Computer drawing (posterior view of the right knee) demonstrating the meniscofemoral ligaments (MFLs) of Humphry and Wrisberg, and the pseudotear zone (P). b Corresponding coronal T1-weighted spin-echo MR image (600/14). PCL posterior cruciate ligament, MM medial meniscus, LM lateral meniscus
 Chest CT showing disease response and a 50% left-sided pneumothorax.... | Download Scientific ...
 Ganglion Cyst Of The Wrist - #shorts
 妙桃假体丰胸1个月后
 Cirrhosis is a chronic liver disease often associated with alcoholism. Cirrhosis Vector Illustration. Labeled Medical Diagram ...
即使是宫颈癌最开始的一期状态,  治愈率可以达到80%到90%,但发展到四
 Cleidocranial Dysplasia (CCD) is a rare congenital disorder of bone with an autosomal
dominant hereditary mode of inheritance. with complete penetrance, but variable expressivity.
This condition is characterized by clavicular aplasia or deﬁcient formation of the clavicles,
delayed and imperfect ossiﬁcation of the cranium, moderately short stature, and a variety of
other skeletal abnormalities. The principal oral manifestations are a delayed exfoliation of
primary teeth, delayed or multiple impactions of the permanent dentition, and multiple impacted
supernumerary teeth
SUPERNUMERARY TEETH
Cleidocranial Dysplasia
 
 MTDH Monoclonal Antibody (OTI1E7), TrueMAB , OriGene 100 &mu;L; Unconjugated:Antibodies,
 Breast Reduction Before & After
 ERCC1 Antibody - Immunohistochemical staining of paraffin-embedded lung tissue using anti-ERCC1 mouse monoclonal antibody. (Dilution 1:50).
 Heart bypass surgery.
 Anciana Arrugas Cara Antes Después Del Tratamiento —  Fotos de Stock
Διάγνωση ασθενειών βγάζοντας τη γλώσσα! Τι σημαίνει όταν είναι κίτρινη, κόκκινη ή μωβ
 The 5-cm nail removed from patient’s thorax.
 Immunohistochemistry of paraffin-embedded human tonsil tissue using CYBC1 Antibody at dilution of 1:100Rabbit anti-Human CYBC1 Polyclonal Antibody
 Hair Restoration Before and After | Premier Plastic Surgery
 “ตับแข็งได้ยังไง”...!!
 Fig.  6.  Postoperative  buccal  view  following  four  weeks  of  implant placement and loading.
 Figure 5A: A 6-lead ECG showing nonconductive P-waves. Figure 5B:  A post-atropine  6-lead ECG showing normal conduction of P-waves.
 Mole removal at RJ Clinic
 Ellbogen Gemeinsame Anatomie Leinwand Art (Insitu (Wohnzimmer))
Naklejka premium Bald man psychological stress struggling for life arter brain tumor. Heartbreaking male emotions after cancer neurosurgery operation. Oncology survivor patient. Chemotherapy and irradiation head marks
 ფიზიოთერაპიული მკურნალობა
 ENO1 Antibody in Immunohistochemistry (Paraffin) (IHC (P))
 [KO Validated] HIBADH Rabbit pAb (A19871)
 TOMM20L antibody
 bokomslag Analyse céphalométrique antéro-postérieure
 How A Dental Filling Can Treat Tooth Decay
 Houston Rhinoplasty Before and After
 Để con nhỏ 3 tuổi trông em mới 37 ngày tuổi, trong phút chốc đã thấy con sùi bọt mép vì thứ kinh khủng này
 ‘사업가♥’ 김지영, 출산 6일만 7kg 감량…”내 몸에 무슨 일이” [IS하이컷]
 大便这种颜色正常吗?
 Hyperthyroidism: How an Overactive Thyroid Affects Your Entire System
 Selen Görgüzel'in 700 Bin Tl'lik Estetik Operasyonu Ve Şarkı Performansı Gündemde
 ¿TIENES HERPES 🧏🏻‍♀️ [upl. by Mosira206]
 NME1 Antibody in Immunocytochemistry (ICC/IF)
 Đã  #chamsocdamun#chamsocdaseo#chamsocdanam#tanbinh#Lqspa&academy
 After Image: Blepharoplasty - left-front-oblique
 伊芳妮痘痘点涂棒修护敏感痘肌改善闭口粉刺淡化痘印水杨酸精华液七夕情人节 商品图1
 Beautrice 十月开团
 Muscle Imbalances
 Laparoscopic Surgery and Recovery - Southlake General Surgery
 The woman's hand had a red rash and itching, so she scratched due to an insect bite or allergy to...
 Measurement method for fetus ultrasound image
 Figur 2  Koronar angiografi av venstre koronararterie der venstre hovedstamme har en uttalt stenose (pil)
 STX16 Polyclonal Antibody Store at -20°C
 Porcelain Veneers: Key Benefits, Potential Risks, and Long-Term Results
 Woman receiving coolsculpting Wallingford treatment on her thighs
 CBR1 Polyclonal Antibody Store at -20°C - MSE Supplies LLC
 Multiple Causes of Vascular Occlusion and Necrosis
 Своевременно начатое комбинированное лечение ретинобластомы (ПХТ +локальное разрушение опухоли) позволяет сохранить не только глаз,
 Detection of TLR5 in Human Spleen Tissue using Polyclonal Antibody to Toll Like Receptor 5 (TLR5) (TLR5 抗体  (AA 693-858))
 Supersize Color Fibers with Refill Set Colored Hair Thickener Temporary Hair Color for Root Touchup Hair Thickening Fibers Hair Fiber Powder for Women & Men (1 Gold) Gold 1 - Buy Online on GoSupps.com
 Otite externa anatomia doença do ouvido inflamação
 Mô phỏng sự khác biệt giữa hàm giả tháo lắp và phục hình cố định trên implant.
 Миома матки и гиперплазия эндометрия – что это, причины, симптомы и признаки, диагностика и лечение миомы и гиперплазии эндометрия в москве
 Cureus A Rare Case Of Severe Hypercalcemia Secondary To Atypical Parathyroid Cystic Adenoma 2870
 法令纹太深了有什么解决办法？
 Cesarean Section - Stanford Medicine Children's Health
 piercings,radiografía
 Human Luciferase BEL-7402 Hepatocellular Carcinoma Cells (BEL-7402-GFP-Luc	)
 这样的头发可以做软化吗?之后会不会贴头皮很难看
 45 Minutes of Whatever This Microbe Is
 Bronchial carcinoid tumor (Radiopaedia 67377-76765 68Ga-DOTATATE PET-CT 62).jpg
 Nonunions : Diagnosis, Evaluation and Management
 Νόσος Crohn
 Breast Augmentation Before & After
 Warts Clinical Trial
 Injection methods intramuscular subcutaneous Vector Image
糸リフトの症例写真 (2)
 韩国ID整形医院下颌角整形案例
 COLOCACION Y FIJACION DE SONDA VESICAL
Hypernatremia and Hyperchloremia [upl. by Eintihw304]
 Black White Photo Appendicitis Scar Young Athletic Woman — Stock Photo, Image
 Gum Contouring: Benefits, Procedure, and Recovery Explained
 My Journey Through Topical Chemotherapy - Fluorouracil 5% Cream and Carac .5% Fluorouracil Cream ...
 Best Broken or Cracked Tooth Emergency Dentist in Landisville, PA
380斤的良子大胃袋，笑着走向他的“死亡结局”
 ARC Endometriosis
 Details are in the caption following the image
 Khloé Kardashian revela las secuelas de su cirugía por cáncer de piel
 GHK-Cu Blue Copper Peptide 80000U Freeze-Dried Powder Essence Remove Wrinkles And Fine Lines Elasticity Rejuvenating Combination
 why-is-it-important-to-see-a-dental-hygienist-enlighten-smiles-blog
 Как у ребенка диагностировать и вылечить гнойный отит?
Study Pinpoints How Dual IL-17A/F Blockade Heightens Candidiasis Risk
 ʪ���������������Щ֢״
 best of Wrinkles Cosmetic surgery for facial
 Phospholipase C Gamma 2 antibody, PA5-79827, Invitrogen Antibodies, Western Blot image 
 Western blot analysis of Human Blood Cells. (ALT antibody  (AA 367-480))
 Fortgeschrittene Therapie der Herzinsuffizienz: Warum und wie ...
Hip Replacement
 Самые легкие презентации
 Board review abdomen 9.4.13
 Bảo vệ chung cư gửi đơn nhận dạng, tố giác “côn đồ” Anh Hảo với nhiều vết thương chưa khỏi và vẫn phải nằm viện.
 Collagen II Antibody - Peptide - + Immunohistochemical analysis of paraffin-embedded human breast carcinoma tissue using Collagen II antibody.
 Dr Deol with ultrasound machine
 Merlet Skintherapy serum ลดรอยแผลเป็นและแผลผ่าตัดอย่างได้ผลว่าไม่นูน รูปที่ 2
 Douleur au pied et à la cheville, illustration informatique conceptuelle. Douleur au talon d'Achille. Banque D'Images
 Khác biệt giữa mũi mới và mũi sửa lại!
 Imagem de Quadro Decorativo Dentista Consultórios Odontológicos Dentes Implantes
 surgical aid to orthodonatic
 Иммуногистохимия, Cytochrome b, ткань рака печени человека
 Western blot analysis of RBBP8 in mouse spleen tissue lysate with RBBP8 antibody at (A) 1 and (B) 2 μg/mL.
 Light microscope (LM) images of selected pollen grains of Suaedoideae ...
★ ★ ★
▶ _Task objective_
Determine how many lines of the listing hold the word "ultrasound", then write only that number.

▶ _Exercise result_
2